SMART CITIES
Smart Living - O poder dos dados nas cidades inteligentes

Smart Living - O poder dos dados nas cidades inteligentes

Cada vez mais cidades tomam partido da transformação digital para otimizar a gestão dos serviços municipais, melhorar a qualidade de vida dos seus habitantes e reduzir a sua pegada ecológica.

De acordo com as Nações Unidas, até 2050, 70% da população do mundo irá viver em áreas urbanas. Como tal, a pressão já existente sobre os recursos urbanos – e consequente degradação da qualidade de vida, sustentabilidade, e funcionamento dos serviços municipais das cidades – atingirá níveis incomportáveis. Torna-se, então, necessário recorrer a tecnologias que permitam, através da digitalização, agilizar todos os processos de forma a tomar o máximo partido dos recursos municipais existentes.

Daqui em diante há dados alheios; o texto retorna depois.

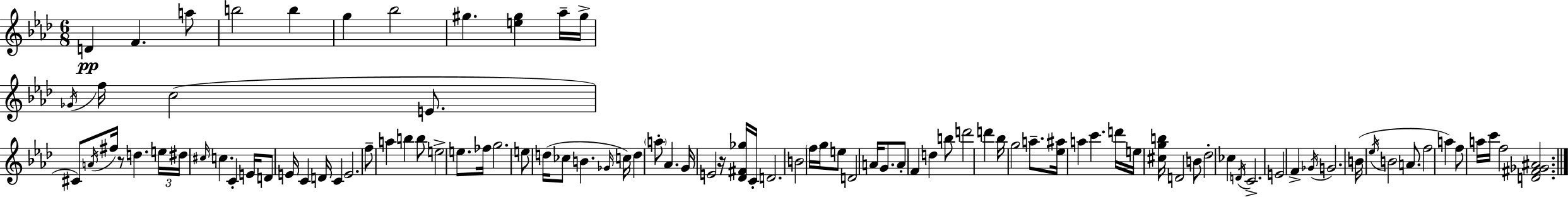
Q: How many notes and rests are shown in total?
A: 98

O processo de transformação de uma smart city pode abranger variadas áreas: desde a mobilidade urbana até à saúde, gestão de resíduos, sustentabilidade, segurança pública e qualidade de vida. Cada cidade é, inevitavelmente, um caso, e os projetos implementados vão sempre depender das necessidades específicas de cada uma.

Contudo, tudo isto tem algo em comum: dados. São os dados que permitem suportar a tomada de decisões, a extração de insights valiosos que permitam otimizar o planeamento urbano e a criação de sistemas inteligentes e dinâmicos para maximizar a eficiência dos serviços municipais.

Cloud e edge 

Como tal, um dos fatores mais fulcrais para o sucesso de qualquer projeto de smart city são os recursos de computação, agregados na cloud ou em data center, ou descentralizados no edge, consoante as necessidades específicas de cada aplicação. Para o processamento e tomada de decisões em tempo real, o edge computing, enquanto complemento da cloud, é a opção ideal, oferecendo baixa latência para uma rápida tomada de decisões em aplicações críticas. Por outro lado, para uma análise contextualizada desses dados, bem como para a gestão integrada e holística de todos sistemas, é necessário agregar e tratar todos estes dados na cloud.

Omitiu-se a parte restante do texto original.